Israel’s response shows how far it has strayed from its own philosophy of non-violence, which dates back to the Jerusalem Talmud of the third century A.D. As Wikipedia notes, under Jewish doctrine, “the requirement is that one always seek a just peace before waging war.” Not so today!

While President Obama maintains Iran’s unproven nuclear military buildup may threaten Israel, the fact is that, compared to Israel and America, Iran is a peace-loving society that has not attacked another nation in hundreds of years. Since WWII alone, the U.S. has struck militarily, or overthrown by force and violence, some 50 nations. One of them, of course, was our unprovoked CIA overthrow of Iran in 1953. And where the U.S. spends about $700 billion a year on the military and Israel spends $14 billion, Iran spends $9 billion, yet the U.S. and Israel, projecting their own instincts, claim it is a military menace. A bit more objectively, Professor “Juan” Cole, the University of Michigan historian and Middle East authority, points out that Iran has not attacked another nation in modern times.
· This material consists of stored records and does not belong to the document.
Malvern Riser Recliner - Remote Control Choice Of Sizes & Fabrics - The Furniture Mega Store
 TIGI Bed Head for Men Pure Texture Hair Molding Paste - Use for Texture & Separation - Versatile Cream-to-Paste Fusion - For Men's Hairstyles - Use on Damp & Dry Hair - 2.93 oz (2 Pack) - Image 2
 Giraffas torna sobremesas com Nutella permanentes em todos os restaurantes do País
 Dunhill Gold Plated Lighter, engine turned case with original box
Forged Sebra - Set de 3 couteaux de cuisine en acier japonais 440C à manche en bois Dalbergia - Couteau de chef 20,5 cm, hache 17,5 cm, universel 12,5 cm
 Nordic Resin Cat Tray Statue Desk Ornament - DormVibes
The U.S. today has emerged as the world’s most dangerous country. What other nation is making drone strikes across the Middle East, Africa and even in the Philippines, killing “terror suspects” and civilians alike without a pretense of legality? (President Obama openly says he takes responsibility for these atrocities as if this admission alone does not qualify him as a war criminal.) It is the U.S., that has surrounded Iran with military bases, not the other way around, just as it is the U.S. that operates more than a thousand bases globally while Iran has none. It is the U.S. that has spread its atomic arsenal around the globe. It is the U.S. that used radioactive ammunition in its wars against Iraq, just as it used Agent Orange in its war against Viet Nam. And, according to recently declassified CIA files, the U.S. even played a role in Iraq’s chemical attacks on Iran during their bloody war.

The American public has a vital stake in the outcome of any peace negotiations that may follow President Rouhani’s UN speech Tuesday. Reducing tensions in the Middle East could deprive the Pentagon of the rationale for its horrendous spending and allow taxpayers to divert their money to their needed domestic agenda. Instead of senseless killing, it might even save some lives for a change. Fancy that!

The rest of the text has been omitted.